Student's Name and Email Address

Boise State University, Department of Chemistry and Biochemistry

## CHEM 324: PChem Lab {-}
# Worksheet 4: UV-Vis Spectroscopy of Conjugated Dyes {-}

In [1]:
# @title Notebook Setup { display-mode: "form" }
# Import the main modules used in this worksheet
import numpy as np
import matplotlib.pyplot as plt
import pandas as pd
from sklearn.linear_model import LinearRegression

# The following needs to be the path of the folder with all your datafile in .csv format
base_path = '/content/drive/MyDrive/'

Set the local path, even though we will not need to read files

In [2]:
# @title Set Local Path { display-mode: "form" }
# The following needs to be the path of the folder with all your collected data in .csv format
local_path="Colab Notebooks/ParticleBox_Data/" # @param {type:"string"}
path = base_path+local_path

## Task 1: A Particle in a Box Model with no Parameters {-}

For the first task, we will consider the hypothesis that for all the molecules in the experiment, the electrons in $\pi$ orbitals behave as free electrons in a one-dimensional box. The energy levels of particles in a box only depend on basic physical constants and the length of the box $L$ according to the formula $E_n=\frac{h^2n^2}{8mL}$, where $n$ is a quantum number that identifies the step in the ladder of single-electron states. The absorption maximum will correspond to the highest occupied state being excited to the lowest unoccupied state. For a system with $N$ $\pi$ electrons, the difference in energy between the two states is $\Delta E = \frac{h^2}{8mL}(N+1)$, which corresponds to an absorption wavelength of $\lambda^{FE}=\frac{8mc}{h}\frac{L^2}{N+1}$. For the conjugated systems in our experiments, the number of electrons is $N=p+3$ and the length of the box can be assumed to be $L=(p+3)l$, where $p$ is the number of carbon atoms in between the two nitrogens, while $l=0.139$ nm is the typical C-C bond length in aromatic systems. Accounting for all the constants, the free electrons (particle in a box) prediction for the absorption maximum is $\lambda^{FE}(\textrm{in nm})=63.7\frac{(p+3)^2}{p+4}$.

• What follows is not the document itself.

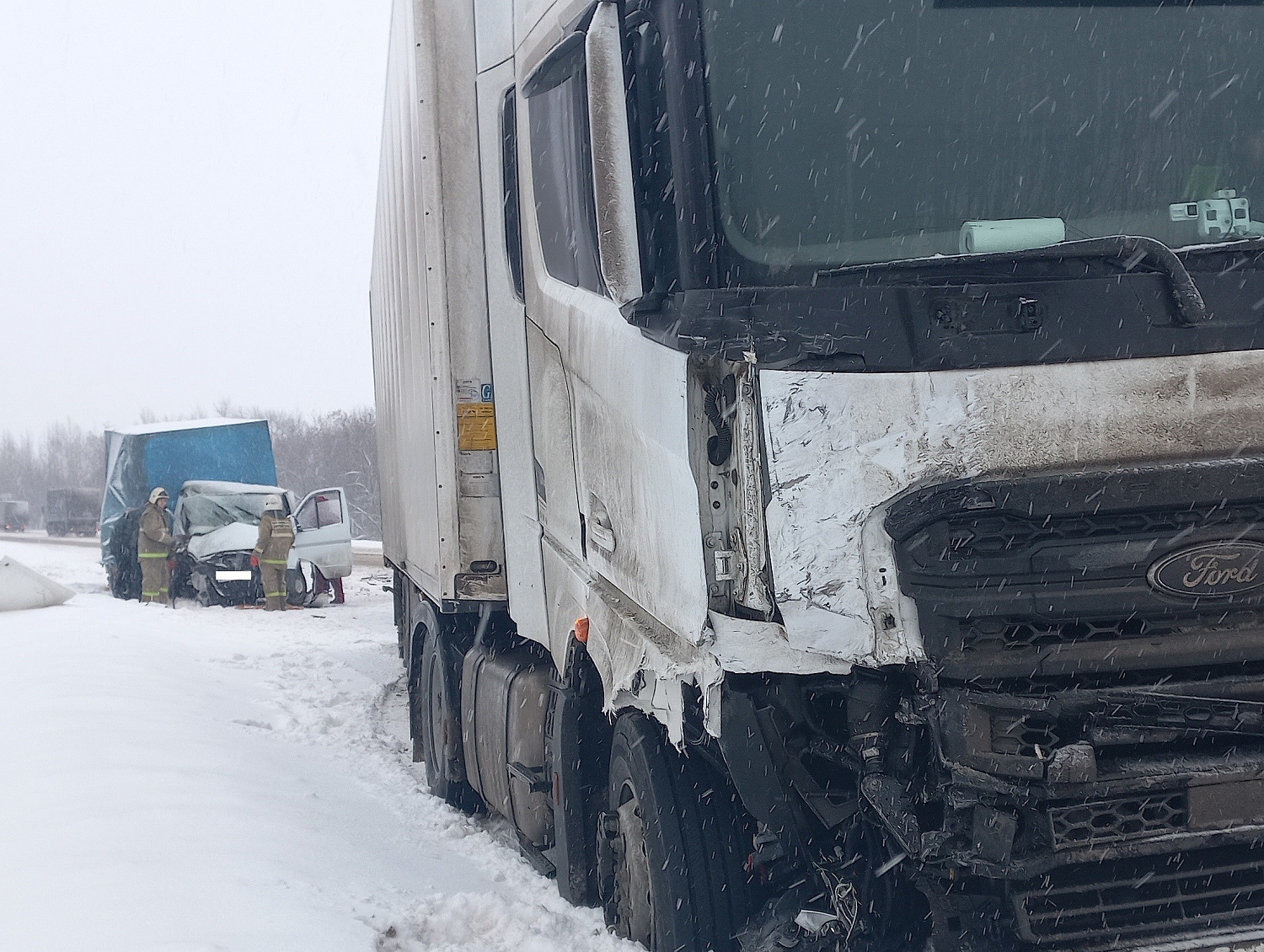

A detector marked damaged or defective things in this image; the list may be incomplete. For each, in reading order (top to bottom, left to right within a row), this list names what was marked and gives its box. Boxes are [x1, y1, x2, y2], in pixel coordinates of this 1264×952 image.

* For each molecule, compute the expected absorption maximum in the free electron (particle in a box) picture using the formula above in terms of $p$. Compute the deviation from the experiments of this model in terms of the sum of errors squared, i.e. $RSS=\sum_i(\lambda^{exp}_i-\lambda^{FE}_i)^2$
* Make a scatter plot of the experimental absorption maximum for all the molecules together with your prediction. Compute the coefficient of determination $R^2=1-RSS/TSS$ from the residual sum of square and the total sum of squares, $TSS=\sum_i(\lambda^{exp}_i-\bar{\lambda}^{exp})^2$.

## Task 2: A Single-Parameter Model {-}

The model described above is clearly simplified. We could try to improve it by including the effect of the aromatic rings on the potential of the box. For example, we could assume that the presence of the aromatic rings soften the box, so that the effective lenght is a bit larger than the one used above. This could be achieved by introducing an empirical parameter $\alpha$ in the equation, as follows $\lambda^{FE}(\textrm{in nm})=63.7\frac{(p+3+\alpha)^2}{p+4}$.
The parameter $\alpha$ needs to be determined from the experimental results (fit). Similar to standard least-squares fit, we want to identify the value of the parameter that minimizes the sum of errors squared, i.e. the $RSS$. This can be done in a few alternative ways: 

* Given the experimental values of $\lambda$, we could compute the optimal alpha for each molecule and than take the average over all the molecules.
* More accurately, we could generate a range of values of $\alpha$ and for each of them compute the $RSS$. The best fit is the one for which the $RSS$ is the lowest. 
* We could linearize the dependence on $p$ in the formula above and use linear regression to fit the experimental data. From the slope and/or intercept we could estimate $\alpha$. 

Choose one of the approaches above and determine the value of $\alpha$ the best reproduces the experiments. Plot the experimental points together with the fitted model and compute the $R^2$ of the fit. 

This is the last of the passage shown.